For this single invocation:

Memory: 2 GB
Duration: 1.5 seconds
GB-Seconds: 2 GB * 1.5 s = 3 GB-s

Now, imagine this function is called 10 million times in a month. Let’s assume you’re past the free tier.

Request Cost: 10,000,000 requests * $0.20 per million requests = $2.00
Duration Cost: 10,000,000 invocations * 3 GB-s each = 30,000,000 GB-s. Convert GB-s to GB-hours (because that’s how it’s priced): 30,000,000 / 3600 ≈ 8,333.33 GB-hours. At, say, $0.0000166667 per GB-hour (the price for US East), that’s 8,333.33 * $0.0000166667 ≈ $138.89

Your total bill for this function would be roughly $140.89. See how the duration cost dominates? This is why optimizing your function’s execution time is your number one priority for cost savings.

The Gotchas: Where They Get You

The billing model has some sharp edges you need to be aware of.

1. The Round-Up Rule: Duration is rounded up to the nearest millisecond. A function that runs for 1001 milliseconds is billed for 1001 ms. But a function that runs for 1001.0001 ms is billed for 1002 ms. It’s tiny, but at scale, it adds up. More importantly, your function’s total time isn’t just your code’s runtime. It includes the Lambda Init Duration and the Invoke Overhead—the time the runtime spends bootstrapping and preparing to hand off to your handler. If you have a large dependency that’s imported outside your handler, you’re paying for that initialization time on every cold start.

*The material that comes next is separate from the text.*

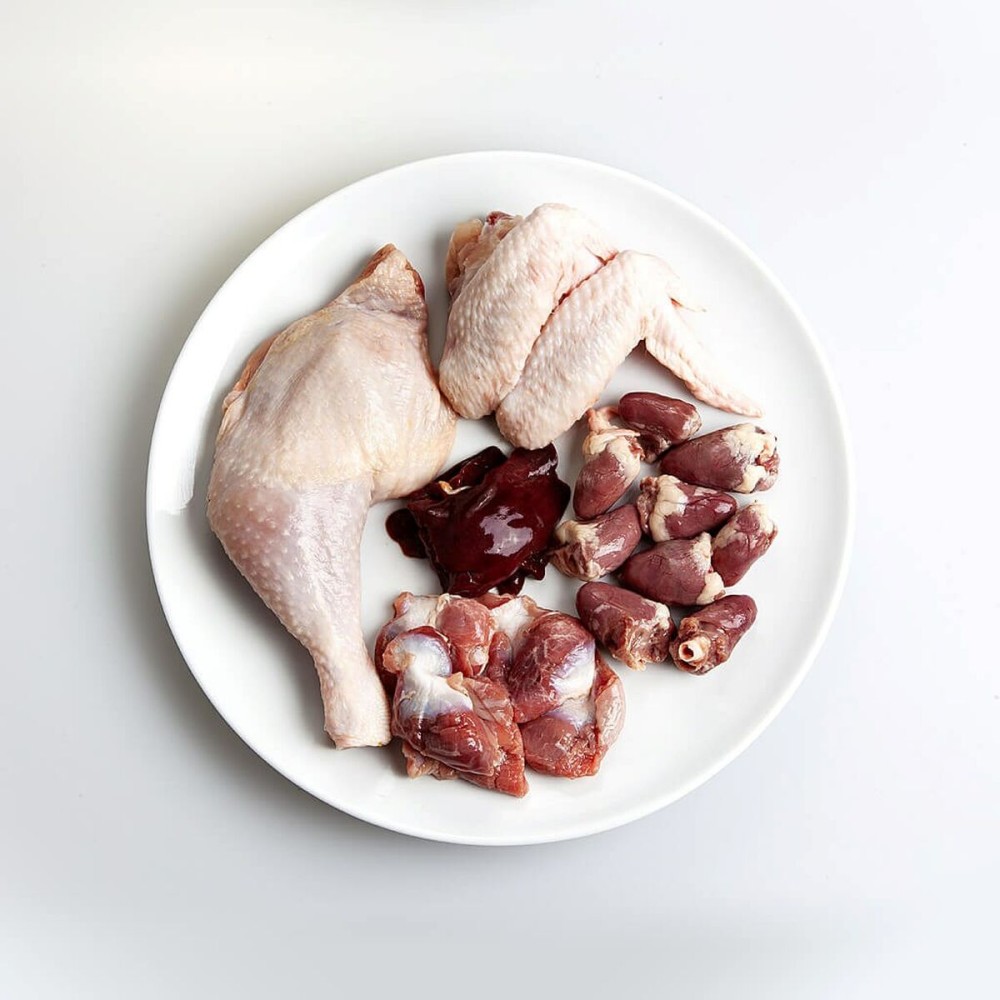 Katzenfutter 3COTY Huhn 80 g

2. Over-Provisioning Memory is a Double Whammy. This is the biggest mistake I see. More memory doesn’t just cost more per second; it also often gives you more CPU power, which can make your code run faster. It’s a trade-off. A function with 512 MB might run for 10 seconds (5.12 GB-s), while the same function with 2048 MB might run for 2 seconds (4.096 GB-s) because of the increased CPU. The latter is both faster and cheaper. You need to right-size your functions. Don’t just guess; use AWS’s Power Tuning tool to find the sweet spot for your specific workload.

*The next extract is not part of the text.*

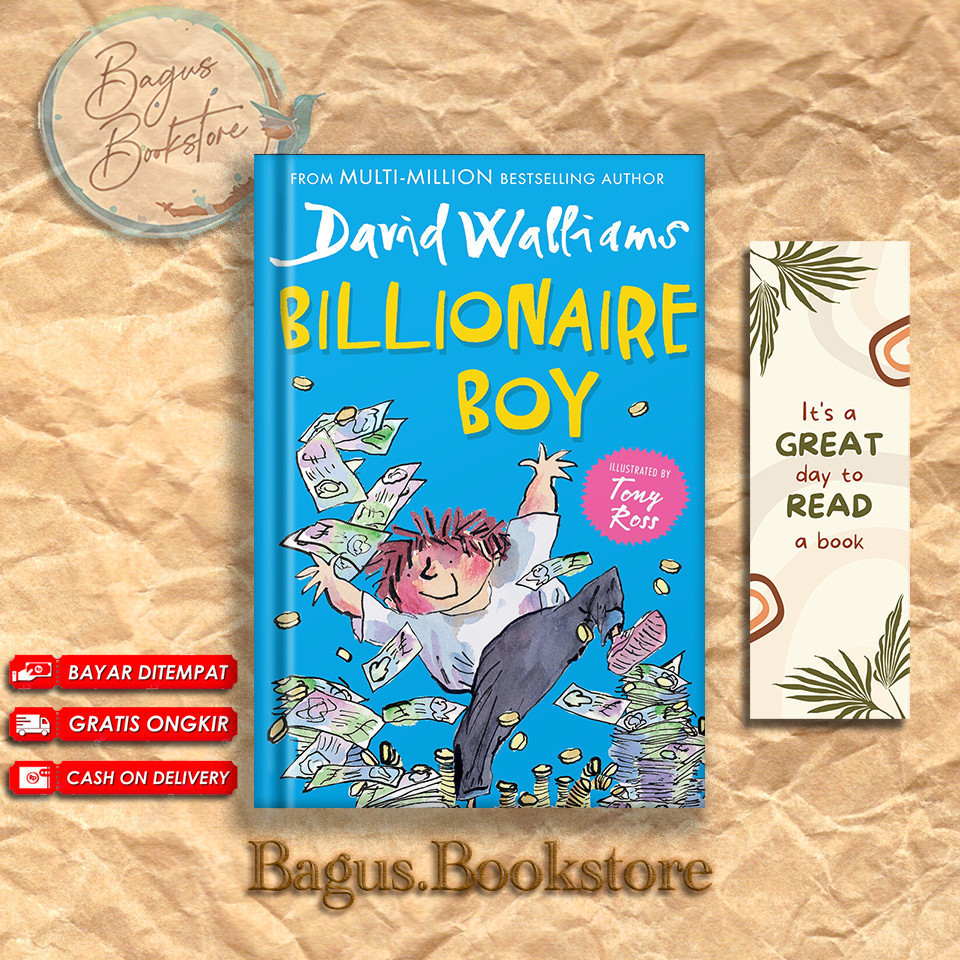 Billionaire Boy by David Walliams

3. The “Free” Tier is Per Account. The 1 million requests and 400,000 GB-seconds of compute time are per AWS account, per month. This is great for development and small projects, but if you have a team of 10 developers each running tests all day, you can burn through that free tier surprisingly quickly. Keep an eye on it.

The golden rule? Your code isn’t done when it works. It’s done when it’s fast. Shaving milliseconds off your execution time isn’t premature optimization; it’s directly putting money back in your pocket. Now go make something that costs pennies.